Ironically, in my career as a pilot, an occasional slip-of-the-tongue by one of my more colorful colleagues was often followed by a sincere apology, as if his words were an offense to my well-known religious sensibilities. While I never wore my faith on my sleeve, neither did I hide my beliefs or the lifestyle choices which accompanied them. Nonetheless, my more sensitive fellow pilots reckoned that my “Christian” ears were not fit to hear the occasional blasphemy uttered by accident.

The unfortunate myth that surrounds my colleagues’ concern for my sensitive ears is that Christians are “nice” people who “do not cuss, or chew, or go out with girls who do.” In the minds of many non-Christians (and some believers), niceness has come to represent the essence of Christianity. As Rodney Clapp recounts in his book “Peculiar People,” he was raised to believe that Christians are those folks who are “nice to the postman.” Lots of Christians reinforce that image of niceness each Sunday as they faithfully dress in their Sunday best – and tell their children to behave because they’re “in church.” Niceness is actually a lot easier than the gospel alternative.
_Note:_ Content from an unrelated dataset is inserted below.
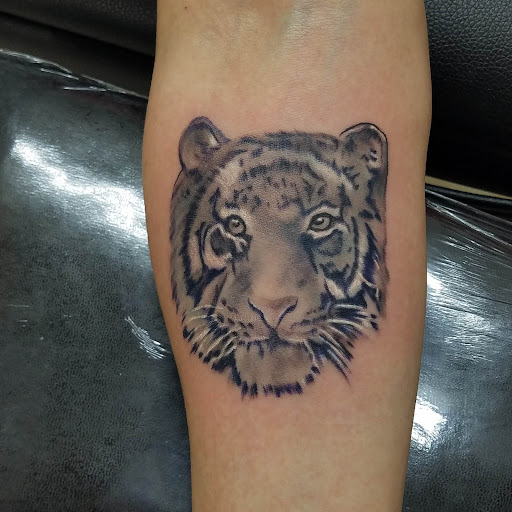 Explore spartan helmet tattoo ideas, creative tattoo ideas in Fresno, available at Fresno Tattoo & Body Piercing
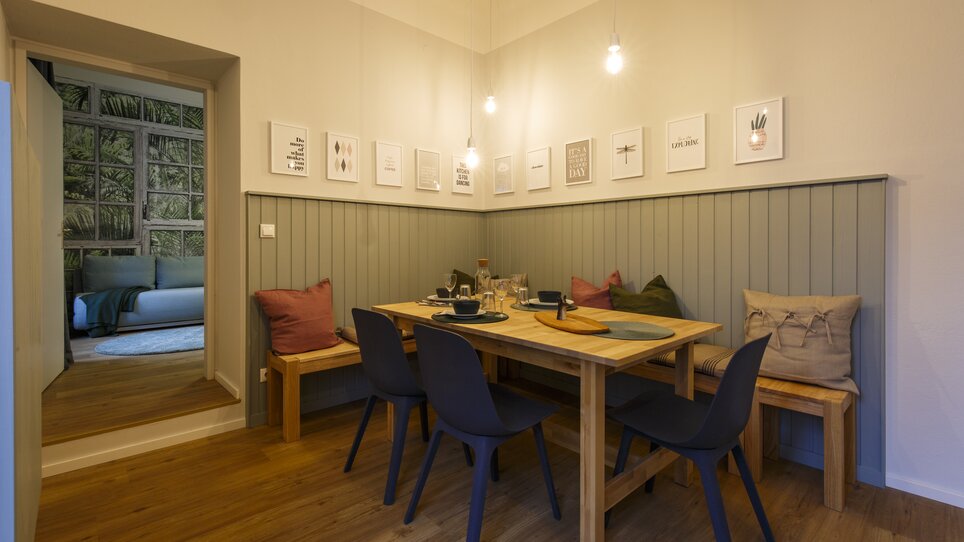 Area pranzo con tavolo di legno, sedie e decorazioni. | © GrazRentals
I suspect that the world, and the deceiver, are quite content for us to keep on being “nice.” Niceness, it turns out, might be the first-cousin of harmlessness. The gospel that Jesus preached is far from harmless – the coming of God’s Reign invites us to some hard choices: will we continue to participate in the destructive and demeaning waywardness of the world, or will we join the journey of righteousness, justice and peace that God is inaugurating? If we think that gospel-love is “being nice to one another,” we might be tempted to gloss over the real tragedies of the world – something like putting a band-aid on a gaping wound. The gospel of Jesus addresses, and begins to genuinely heal, the real brokenness of the world, and Jesus invites us to join him in this task. I’ll ask Jesus to forgive my occasional fowl word, but I suspect he’s got bigger fish to fry than that.